Spot Instance Savings: Lessons from 5 Companies | Hokstad Consulting

Spot Instance Savings: Lessons from 5 Companies

Spot Instance Savings: Lessons from 5 Companies

Want to cut cloud costs by up to 90%? Spot Instances could be the answer. These discounted cloud resources help businesses save big by using spare capacity from providers like AWS, Google Cloud, and Azure. But they come with a catch: interruptions. Here's how five companies - Chegg, Samsung SDS, CAST AI, Salesforce, and Lyft - leveraged Spot Instances to reduce expenses without compromising performance.

Key Takeaways:

  • Savings Potential: Spot Instances can slash costs by 50–90%.
  • Best for Flexible Workloads: Ideal for batch processing, CI/CD pipelines, and machine learning tasks that tolerate interruptions.
  • Automation is Key: Tools like Elastigroup and CAST AI automate instance management, ensuring smooth operations even with interruptions.
  • Real Results:
    • Chegg: Saved 70% on EC2 costs (£84,000 annually).
    • Samsung SDS: Enabled clients to save up to 90% on AWS EC2.
    • CAST AI: Reduced monthly AWS costs by 90%.
    • Salesforce: Balanced cost savings with uninterrupted service for global clients.
    • Lyft: Cut compute costs by 75% with minimal code changes.

Spot Instances are a powerful way to cut cloud expenses, but managing them requires careful planning and automation.

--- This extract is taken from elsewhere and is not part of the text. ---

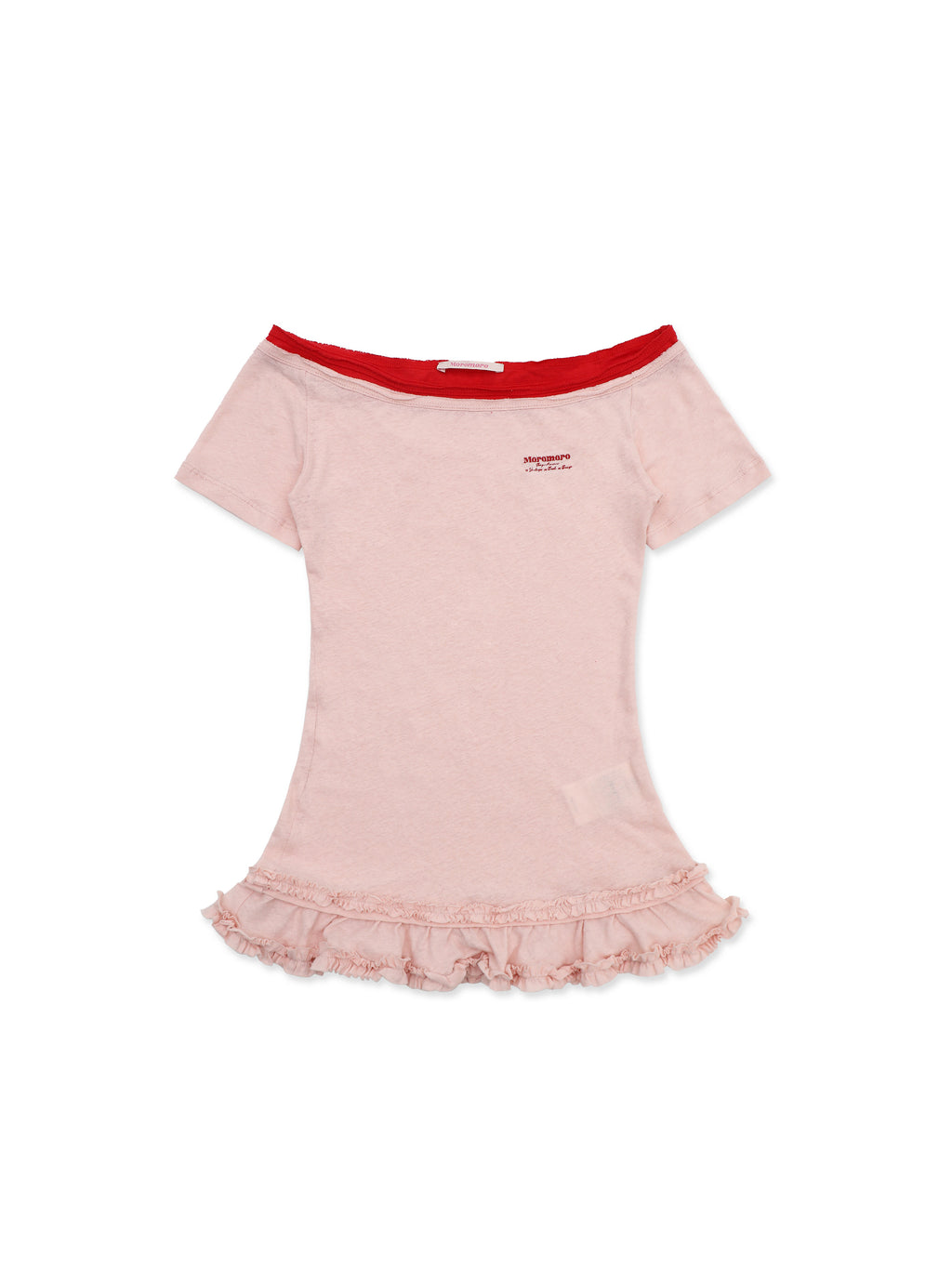 *Color-blocked lace short-sleeved T-shirt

Whether you're a small business or a global enterprise, these examples prove the savings are worth the effort.

An Intro to AWS Spot Instances Learn How to Maximize Your Cost Savings

AWS

How Spot Instances Work for Cost Savings

Spot Instances offer a smart way for UK businesses to cut cloud computing costs.

Dynamic Pricing Based on Supply and Demand

Amazon EC2 adjusts Spot Instance pricing based on supply and demand trends, providing discounts of up to 90% compared to on-demand rates [3]. The system operates like an auction: as long as your bid remains higher than the current spot price, your instance runs. However, if demand spikes and the spot price exceeds your maximum bid, the instance may be interrupted [4].

Bidding Strategy

UK businesses can set a maximum hourly bid in pounds (£), but they only pay the current lower market price. For instance, if you’re willing to bid £0.10 per hour but the spot price is just £0.03, you’ll pay the lower rate. This approach works best for workloads that can handle occasional interruptions.

Workload Suitability and Flexibility

Spot Instances are ideal for tasks that don’t require continuous operation. These include data analysis, batch processing, and background jobs that can tolerate brief pauses [4]. Their flexibility makes them a great fit for non-time-sensitive applications.

Managing Interruptions for Critical Tasks

To handle potential interruptions, it’s crucial to design systems that are fault-tolerant. Techniques like checkpointing, saving states, and distributing workloads across multiple availability zones can help minimise disruptions. For mission-critical applications, advanced orchestration tools can even migrate workloads automatically to maintain uninterrupted service [4].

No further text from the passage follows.